The IPC emergency analysis released this week warns that 2.8 million people in South Sudan face acute food and nutrition insecurity, with 57 per cent of those in hard-to-reach areas of Unity, Jonglei, and Upper Nile. Populations not directly affected by the conflict have also spiraled into a worsening food crisis in Northern Bahr el Ghazal, Warrap, and Eastern Equatoria States.
“These are extremely troubling indicators in the post-harvest season, when food is usually less scarce,” said Tamburini. “Malnutrition and food shortages will worsen with the onset of the dry season in April. It is time to take action to prevent massive suffering.”

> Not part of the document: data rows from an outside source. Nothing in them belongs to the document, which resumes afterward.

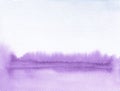 Abstract watercolor landscape blot painted background. Royalty Free Stock Photo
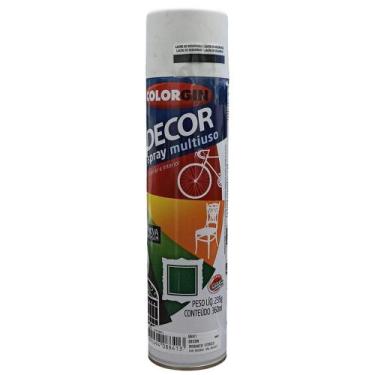 Imagem de Kit tinta spray branco fosco decor 4 unidades ref 8841 - COLORGIN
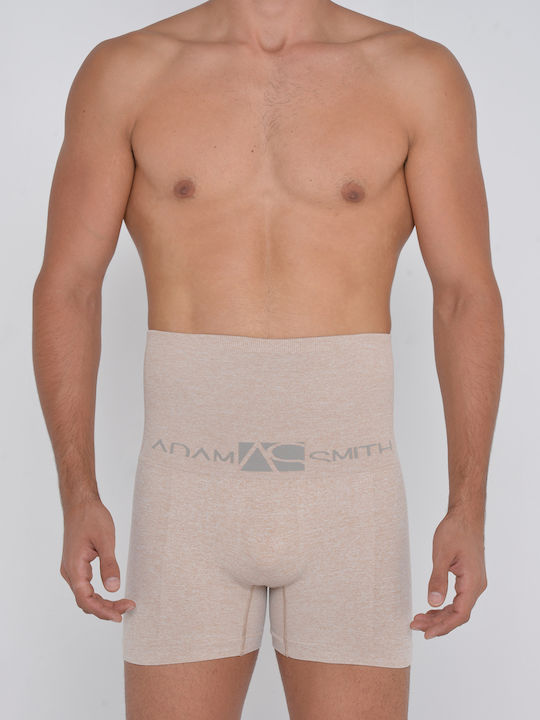 Adam Smith High Waist Shaper Μποξεράκι Σύσφιξης Μπεζ Μελανζέ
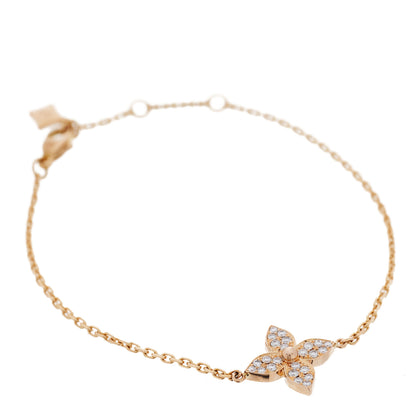 Louis Vuitton 18K Pink Gold Diamond Star Blossom Bracelet 1 of 4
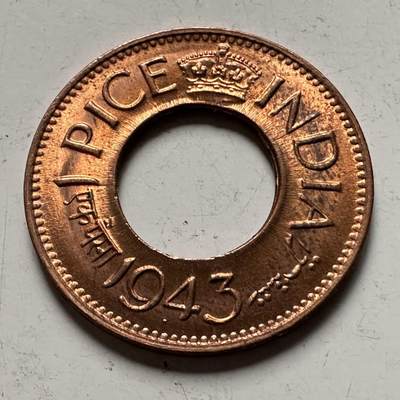 🌹外币初藏🌹🐯2026年第31场   每周二四六晚8️⃣点 接代拍 - 英属印度1943年一派沙 b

Even before the announcement from IPC, Action Against Hunger’s rapid surveillance teams had completed emergency nutrition assessments in Northern Bahr el Ghazal, Warrap and Jonglei State, and in two counties in Unity State. Results from Aweil East in Northern Bahr el Ghazal indicate rates of severe acute malnutrition at 7 percent—far exceeding the internationally recognised emergency threshold, and suggesting high rates of mortality among children. Action Against Hunger’s data from Panyijar County in Unity State indicates rates of global acute malnutrition at 21.6 per cent, also far above emergency levels. Results from assessments in Leer County in Unity State are expected in mid March.

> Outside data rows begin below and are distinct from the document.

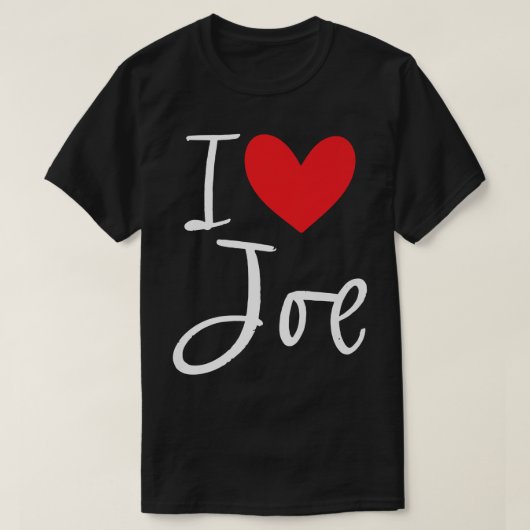 I Liebe Joe Name Personalisiert Boy Man BESTE FREU T-Shirt (Design vorne)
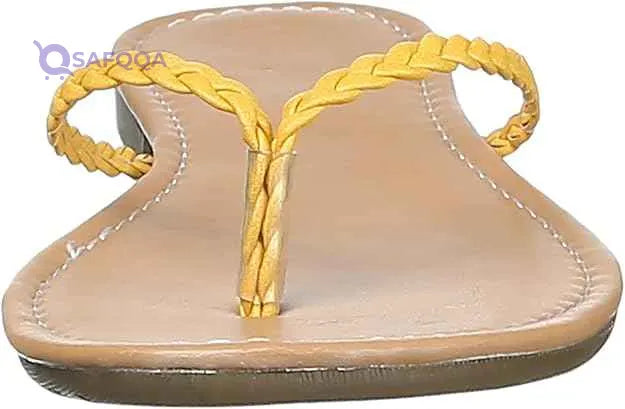 Club Aldo Faux Leather Braided-Strap Toe-Post Slippers for Women - Safqqa Egypt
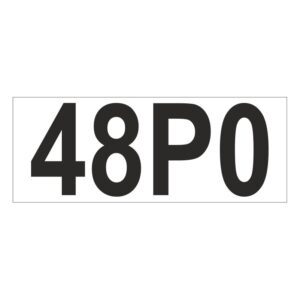 Prefix - Size & type code - 48P0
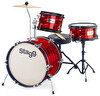 Stagg TIM JR 3/16B RD 3 Parça Çocuk Akustik Davul Seti Kırmızı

Action Against Hunger remains committed to supporting the Government of South Sudan to respond to populations in need, and urges the international community to mobilize funding and diplomacy to pull the country back from the brink.
Action Against Hunger is meeting urgent humanitarian needs of populations in four states of South Sudan: Jonglei, Northern Bahr el Ghazal, Warrap and Central Equatoria (Juba). We are reaching more than 888,000 people with lifesaving emergency food and nutrition programmes, as well as livelihoods and water and sanitation interventions.